| TRY IT |
The answer should be the records below, word for word, with every image left out.

| EXTRACTED ENTRIES |

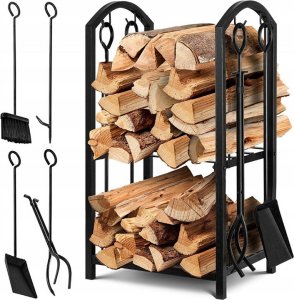 Palenisko ogrodowe Verk Stojak na drewno kominkowe opałowe akcesoria przybory pogrzebacz zmiotka Stojak na drewno kominkowe opałowe akcesoria przybory pogrzebacz zmiotka 6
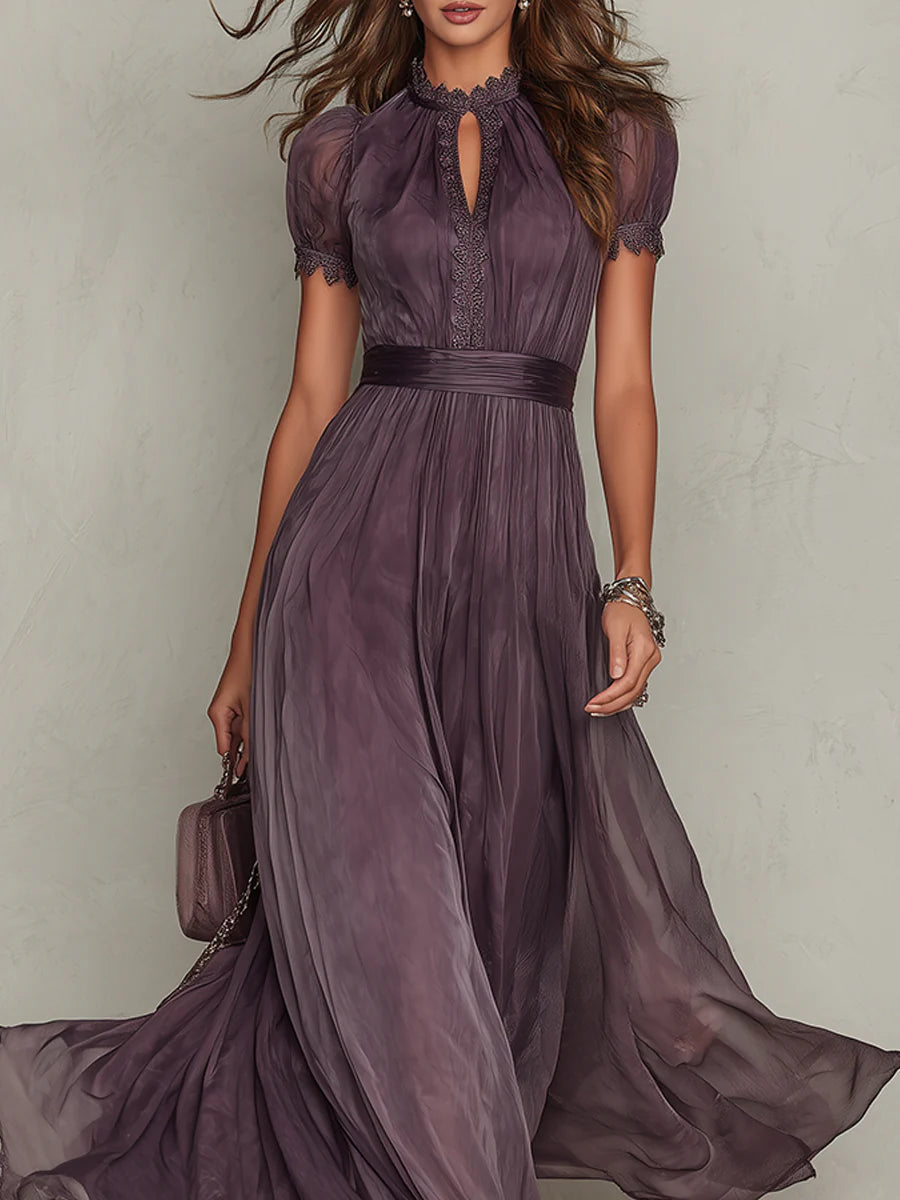 Flavia | Vestido Largo de Chiffon con Encaje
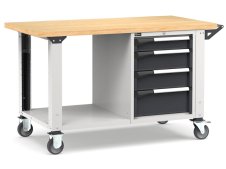 Banco da lavoro regolabile Fami Master 150cm grigio con ruote e 4 cassetti
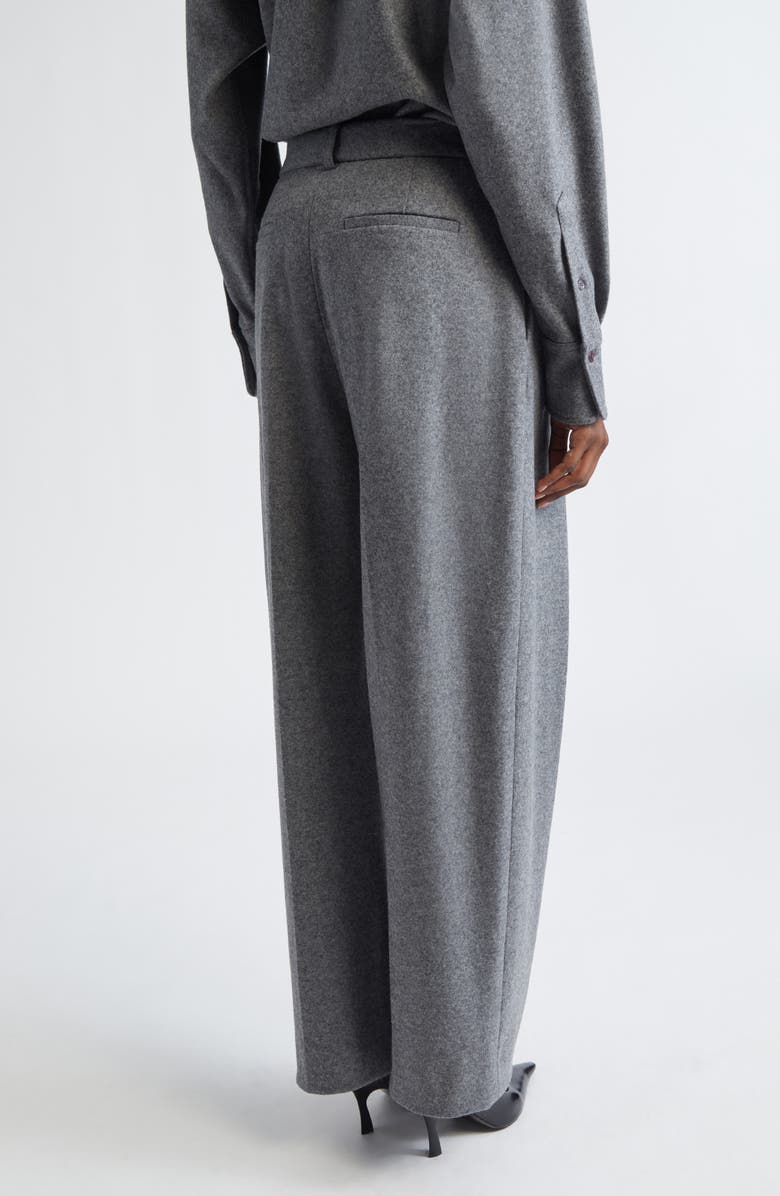 Victoria Beckham Pleated Wide Leg Wool & Cashmere Trousers, Alternate, color, Mid Grey Melange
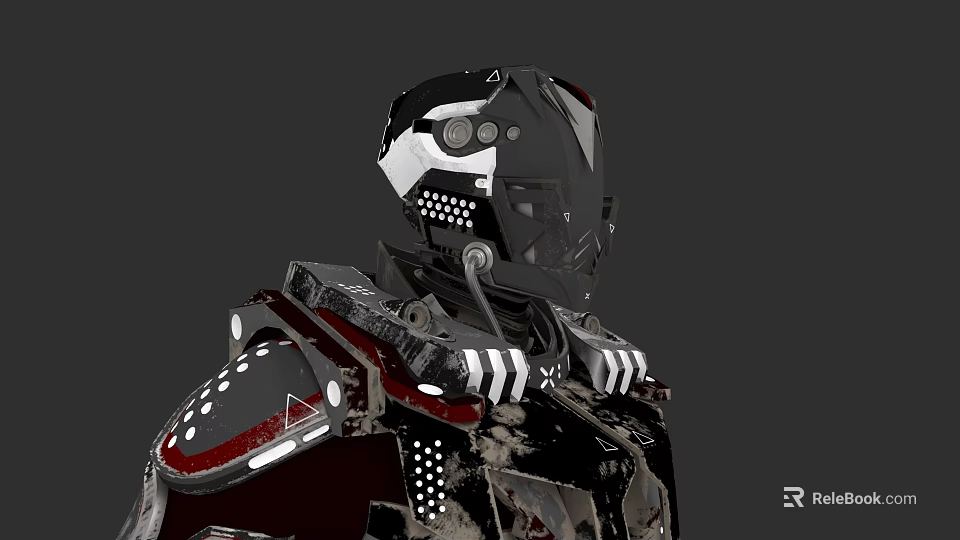 Industrial Equipment With Robotic Armor Design And Mechanical Metal Components 3d model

| TASK OUTPUT |
 Palenisko ogrodowe Verk Stojak na drewno kominkowe opałowe akcesoria przybory pogrzebacz zmiotka Stojak na drewno kominkowe opałowe akcesoria przybory pogrzebacz zmiotka 6
 Flavia | Vestido Largo de Chiffon con Encaje
 Banco da lavoro regolabile Fami Master 150cm grigio con ruote e 4 cassetti
 Victoria Beckham Pleated Wide Leg Wool & Cashmere Trousers, Alternate, color, Mid Grey Melange
 Industrial Equipment With Robotic Armor Design And Mechanical Metal Components 3d model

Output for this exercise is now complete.